# Pekiti Tirsia Kali vs Sayoc Kali



## dark_hadou (Jul 16, 2006)

whats the difference between them ? they look the same i kno that Chris Sayoc trained in it long time ago


----------



## arnisador (Jul 16, 2006)

See the discussion here:
*Pekiti-Tirsia and Sayoc Kali?*


----------



## dark_hadou (Jul 17, 2006)

thank you, i actually found it on my own by chance lol, very interesting indeed


----------



## Airyu@hotmail.com (Jul 18, 2006)

Thanks for Posting the Link Arnisador!

Gumagalang
Guro Steve L.

www.Sayoc.com
www.Bujinkandojo.net


----------



## jrrrr (Oct 25, 2013)

I think the story goes that the Sayoc kids were learning TKD and they would hang out with Leo Gaje and one of his senior instructors.
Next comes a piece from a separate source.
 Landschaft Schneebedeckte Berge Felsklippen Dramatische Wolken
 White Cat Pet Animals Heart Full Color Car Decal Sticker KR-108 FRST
Leo would teach the kids some basics including his knife triad system, angles 1,2 and 5 with appropriate hand checking,passing, etc system.


----------



## Airyu@hotmail.com (Oct 27, 2013)

Hi JRRR,

Are you so sure??? Resurrecting a thread from 2006 for what reason, we all should learn to move on.

Gumagalang
Guro Steve


----------



## jrrrr (Oct 27, 2013)

sorry, new member and saw the thread...


----------



## arnisador (Oct 27, 2013)

jrrrr said:


> sorry, new member and saw the thread...



I don't know that the story is fully clear yet on what happened--and I admit I am curious!


----------